# File Handling
- A file has two parts.  The filename and the path.
- **Root directory**--base directory.  C: drive on Windows.
- **Current working directory (CWD)**--active directory.  Usually this is the folder that contains the file we are currently working with, but we can change the CWD.
- **Absolute path**--path that starts with the root directory
- **Relative path**--path that starts with (written relative to) the current working directory
- When we work with files we normally write relative paths instead of absolute paths.  This allows the code to work on other users's computers.  More "portable".
- **Parent directory**--folder that contains the folder or file we are talking about.
- **`..\`** or **`../`** refers to the parent folder
- **`.\`** or **`./`** refers to the current working directory.  This is often omitted.
- Files can have the same name as long as they are in different folders

![](images/directories.jpg)

- **Home directory**--term for a users folder.  Contains personal files.  This is `C:/Users/<USERNAME>` on Windows.  Even on a shared computer, users have access to their home directory.  This is often a good place to save files.
- Note that paths on Windows use a `\`, while paths on Linux and Mac use `/`.  This is a problem because:
    1. Paths are normally stored as strings.  `\` with certain characters create escape characters.
    1. We want our code to be portable across operating systems
- There are a couple of solutions if we want our code to work on ALL operating systems
    1. Always use forward slashes when writing Python code.  Python 3 on Windows allows us to use forward slashes.
    1. Use the `pathlib` module.  `pathlib` path objects change the slashes based on the operating system.  There may be some Windows applications that still require paths with backslashes.
- There are a couple of solutions that work ONLY on the WINDOWS operating system
    1. Use two backslashes as an escape character
    1. Use raw strings
- Note that folder and file names are not case sensitive on Windows and Mac, but they are on Linux
- **Symlinks**--symbolic link.  Contains a text string that is automatically interpreted and followed by the operating system as a path to another file or directory. This other file or directory is called the "target".  A symlink is similar to a desktop shortcut because it points the OS to another folder or file.

- **Reading, writing, and file handling are common sources of error**
    1. Folder names and file names may be changed
    1. Folders or files may be moved
    1. Absolute paths normally break on another user's computer
    1. The CWD may not always be what we expect 
    1. Certain functions return errors if a folder or file already exists
    1. Certain functions return errors if a folder or file does not exist yet
 - For this reason, reading, writing, and file handling are often performed within try and except statements
- One example of file path error came when the same script was run in an IDE and the terminal.
    - The script used `./output/<FILENAME.EXT>`, which created a new file at a file path relative to the CWD
    - When run in an IDE (like Jupyter Lab), the CWD was the script's parent folder as expected.
    - When run in the terminal, the CWD was the home folder and caused an error because no output folder existed within the home folder.

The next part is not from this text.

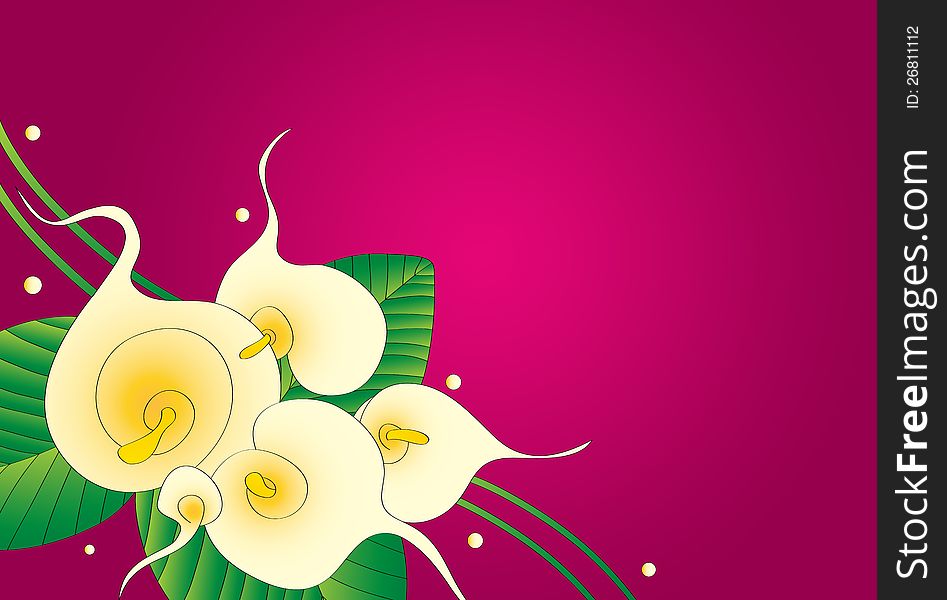 Calla Lily Floral Background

- **It seems to me that BEST PRACTICE would be to:**
    1. Perform read, write, and file handling within try except statements
    1. Use `pathlib` to create path objects so paths work on all operating systems
    1. Construct paths relative to script being run, w/OUT relying on the CWD.  This can be done using `__file__`.  `__file__` returns the absolute file path of the script.  From there we can access the parent folder of the script using `.parent` and specify other folders and files if needed.  Using `__file__` is a more reliable way to write a path relative to the script's location.
        - Twist.   `__file__` strangely does not exist in Jupyter Lab.  However we always run our .ipynb notebook file from the Jupyter Lab IDE (never the terminal) so file paths relative using the CWD should work fine. 
        - Alternatively, there will be times we want to prompt the user to input paths or filenames.  Inputting desired directories manually is another way to avoid error.

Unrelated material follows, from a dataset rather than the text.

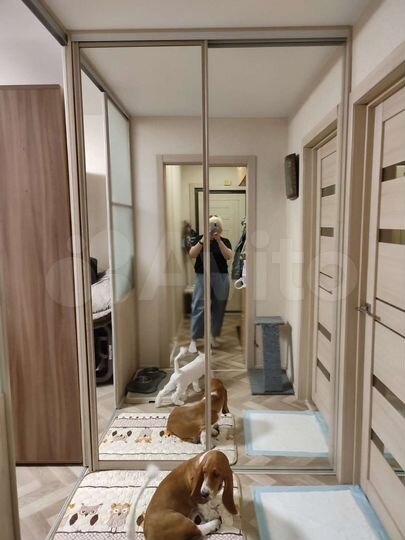 2-к. квартира, 43 м², 1/5 эт.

- We'll cover a few different modules:
    1. `pathlib` module.  Newer module for file handling that should be used in place of most functions in  the `os` module.
    1. `os` module.  Contains sub-module `os.path`.  Basic functions.
    1. `shutil` module.  Shell utility. Contains a few functions not found in the `pathlib` module like copy + paste.
    1. `send2trash` library.  Not in Python Standard Library.  Deletes folders and files by sending them to trash (not permanent).
    1. `zip` module.  Create and extract from zip files.

---

## Pathlib

- The `pathlib` module creates and works with path objects
- Path objects are like fancy strings that contain the path.  We can call methods on the path objects.
- Whether the path object uses forward or backward slashes depends on whether the path object was created on a Windows operating system or a Unix-like operating system (Mac + Linux)
- Path objects can be used in `os` and `shutil` module functions where the input is a path string

![](images/path_object.jpg)

- **Glob pattern**--like simplified form of regular expressions often used in command line commands

Glob | RegEx Equivalent | Use
--- | --- | ---
`*` | `.*` | Matches any number of any characters including none
`?` | `.` | Matches any single character
`[abc]` | Same | Matches any single character in brackets
`[a-c]` | Same | Matches any single character in brackets

Code | Use
--- | ---
`pathlib` | Module
`Path()` | Capital P. Conventional to `from pathlib import Path`.  Pass individual folder name(s) and file name.  Return a path object that is a path with the correct slashes for the operating system. 
`Path.home()` | Returns path object of home directory
`Path.cwd()` | Returns path object of current working directory
`.exists` | Path object method.  Returns True or False based on whether path actually exists on the computer.  Helps prevent errors when creating, copy, moving, and deleting folders and files.
`.mkdir()` | Path object method.  Create new directory from path object. Can only make one directory at a time, unlike `os.makedirs()` .  Returns error if folder already exists.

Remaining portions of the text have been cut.